A distinção entre valores nominais e valores reais é essencial, especialmente quando temos recordes também na inflação (bom, desde 1992). Por exemplo, a receita bruta de bilheteira do cinema em Julho de 2023 foi de 10,5 milhões de euros, um montante que se compara com 10,125 milhões em Agosto de 2019. O estudo do World Travel & Tourism Council prevê que o sector do turismo e viagens contribua €40,4 mil milhões para o Produto Interno Bruto em 2023, um valor que se compara com €40,1 mil milhões em 2019. Os “recordes” anunciados nos títulos das duas notícias são apenas nominais. Corrigindo para a inflação, é óbvio que os valores em 2019 são mais elevados. No entanto, o espaço de discussão pública parece muitas vezes ser uma realidade paralela, um “irreal imaginário”, onde a distinção entre valores nominais e valores reais é distorcida e mal compreendida.

Esta ilusão é agravada pelos resultados de um inquérito recente da Comissão Europeia, que revelou que os portugueses têm dificuldades significativas em compreender a inflação. Corrigir valores nominais tendo em conta a inflação, ou pensar em valores reais, é um desafio ainda maior do que apenas perceber que a inflação corresponde à subida generalizada dos preços e como afecta o poder de compra. Dados os resultados deste inquérito, não é surpreendente que, na política, na comunicação social e no sector empresarial, muitas vezes sejam proclamados recordes em diversas variáveis económicas sem especificar se os valores são nominais ou reais. Em muitos casos, estes recordes são meramente nominais, ou são muito menos impressionantes porque confundem aumentos nominais e reais. Esta realidade nominal, embora por vezes seja popular, é na verdade uma ilusão que distorce a verdadeira situação económica.

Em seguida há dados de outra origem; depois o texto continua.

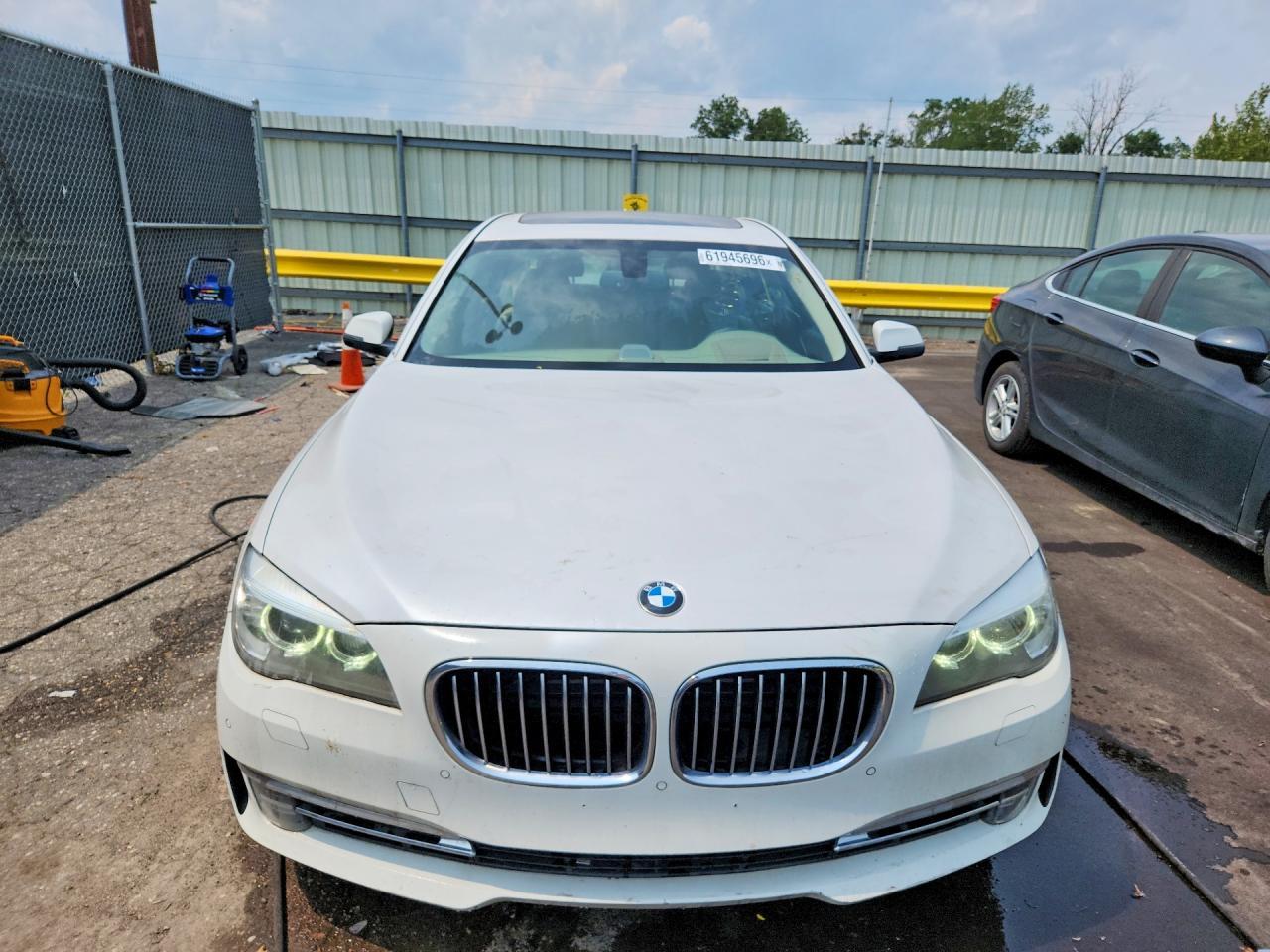 2013 BMW 750 Lxi - Фото 5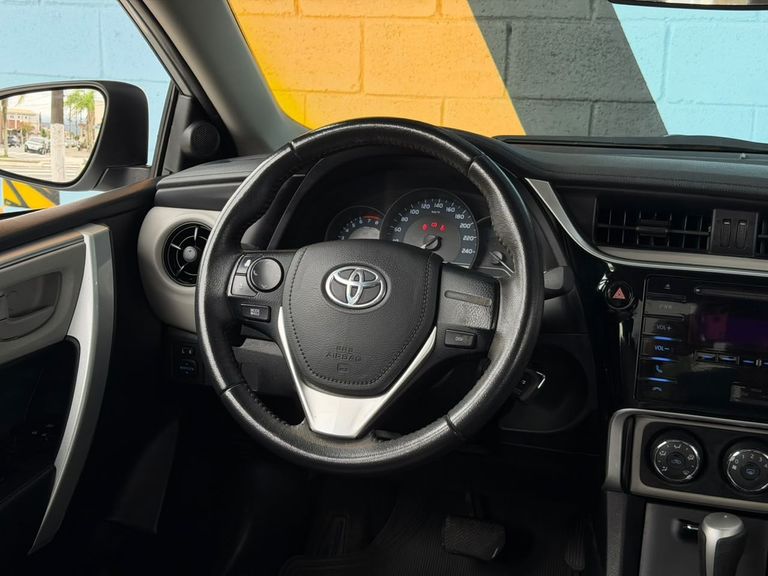 Toyota Corolla GLi Upper 1.8 Flex 16V Aut.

As pessoas envolvidas na política, comunicação social e no sector empresarial têm uma responsabilidade importante: devem esclarecer se os valores que apresentam são corrigidos pela inflação e destacar as implicações de interpretações com base em valores nominais ou reais. É essencial que estes agentes contribuam para a compreensão da inflação e de outros princípios económicos, para que possamos fazer escolhas informadas e responsáveis. Iniciativas para explicar a economia e torná-la mais acessível ao público em geral, como a série de vídeos “Economia Descomplicada”, são extremamente importantes. Porém, o impacto positivo destas iniciativas é obliterado pelos equívocos perpetuados na comunicação social.

A economia portuguesa está a ter um desempenho bom, em muitas dimensões melhor do que o esperado. É essencial que celebremos e reconheçamos este desempenho pelo que realmente é, usando variáveis reais, e não destacando variáveis nominais quando é conveniente. Só assim podemos construir um futuro económico baseado na realidade, e não em ilusões.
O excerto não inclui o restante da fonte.